Short web captions:

== Segment start ==

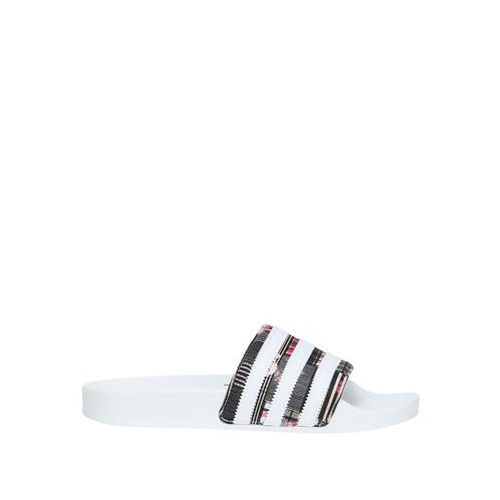 Сандалии ADIDAS ORIGINALS 17109732PU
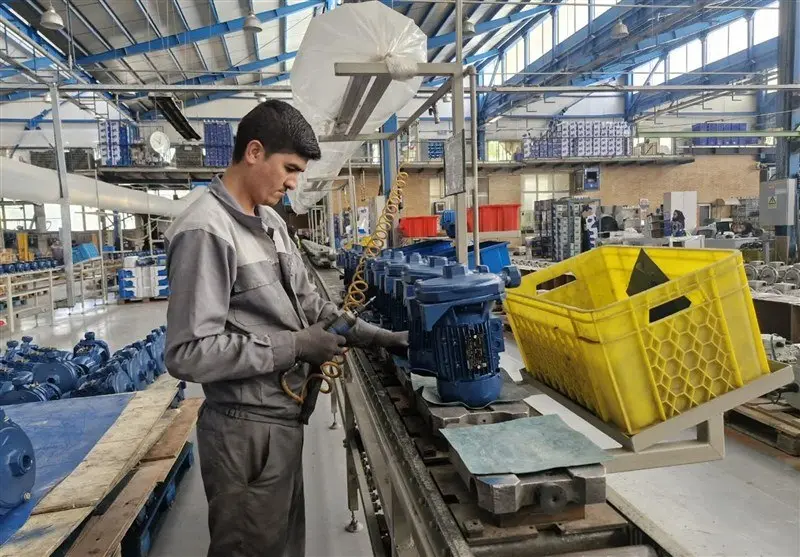 photo_2026-04-26_01-56-55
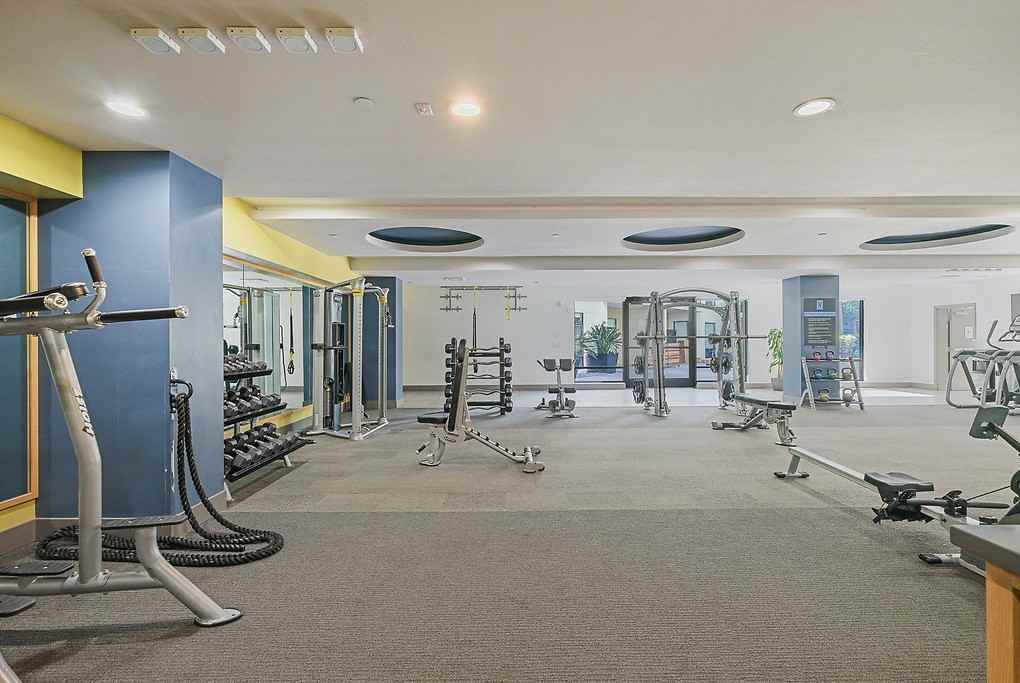 Revere Campbell - Photo 5 of 50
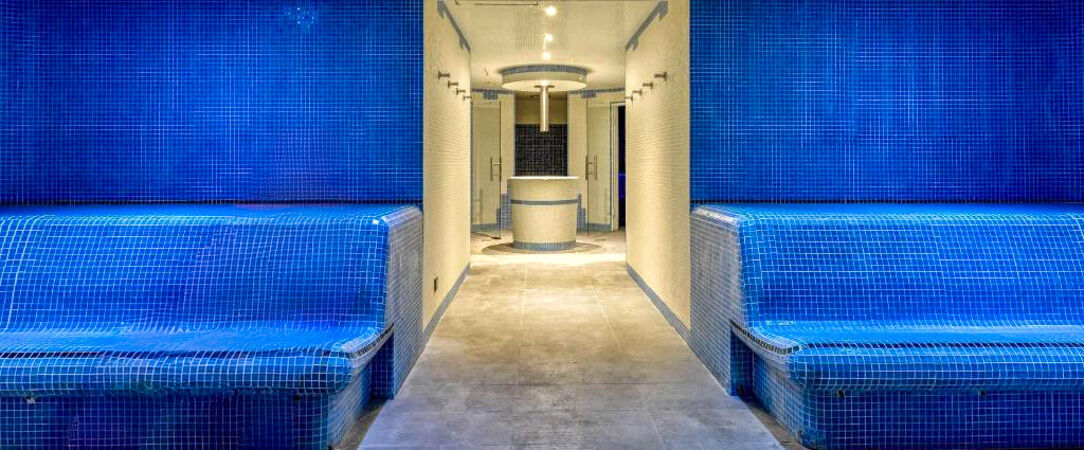 Zenitude Hotel la Valadière ★★★★ - Une parenthèse bien-être aux portes de Montpellier, entre nature et douceur méditerranéenne. - Montpellier, France
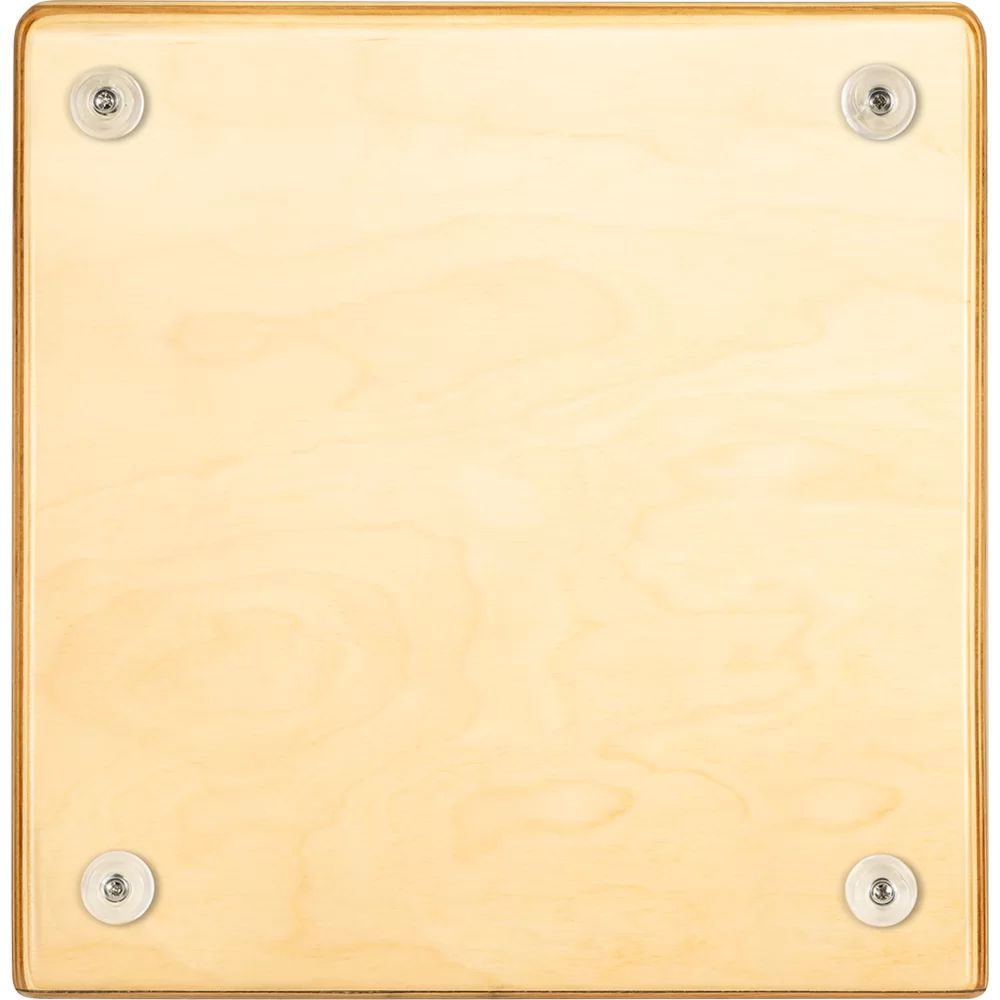 Trống Cajon Meinl Woodcraft Professional String Cajon - Việt Music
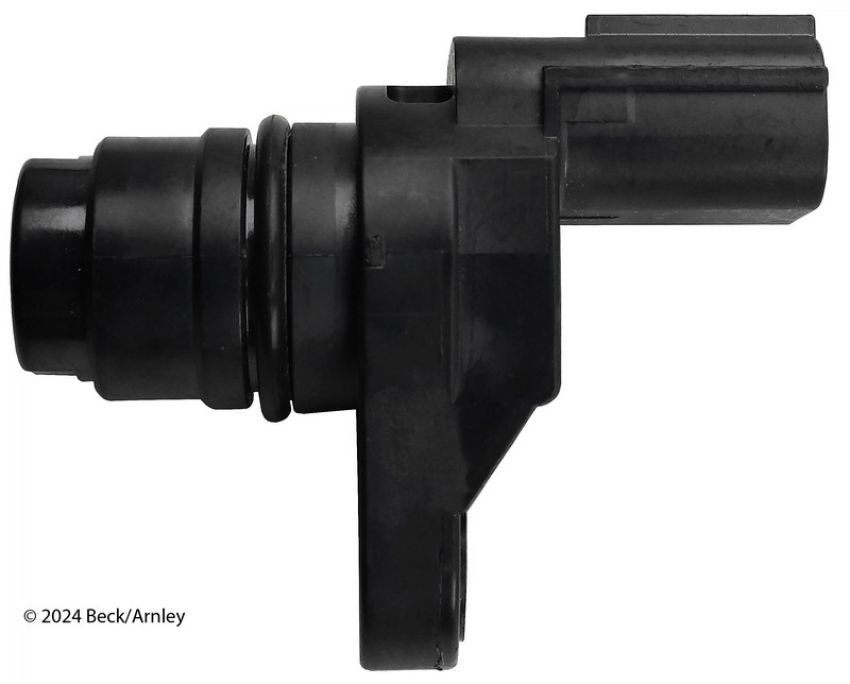 BECK/ARNLEY 180-0718 CAM POSITION SENSOR
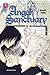 Angel Sanctuary, Tome 9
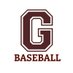 Grandville Baseball (@dawgs_baseball) Twitter profile photo Grandville Baseball (@dawgs_baseball) Twitter profile photo
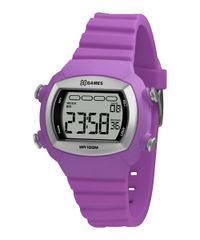 Relogio-Feminino-X-Games--Digital---XLPPD048-BXUX-Roxo-9996932-Roxo_1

== Segment end ==

The response should consist of the entries above, given again exactly and free of pictures.

COMPLETED TASK:
 Сандалии ADIDAS ORIGINALS 17109732PU
 photo_2026-04-26_01-56-55
 Revere Campbell - Photo 5 of 50
 Zenitude Hotel la Valadière ★★★★ - Une parenthèse bien-être aux portes de Montpellier, entre nature et douceur méditerranéenne. - Montpellier, France
 Trống Cajon Meinl Woodcraft Professional String Cajon - Việt Music
 BECK/ARNLEY 180-0718 CAM POSITION SENSOR
 Angel Sanctuary, Tome 9
 Grandville Baseball (@dawgs_baseball) Twitter profile photo Grandville Baseball (@dawgs_baseball) Twitter profile photo
 Relogio-Feminino-X-Games--Digital---XLPPD048-BXUX-Roxo-9996932-Roxo_1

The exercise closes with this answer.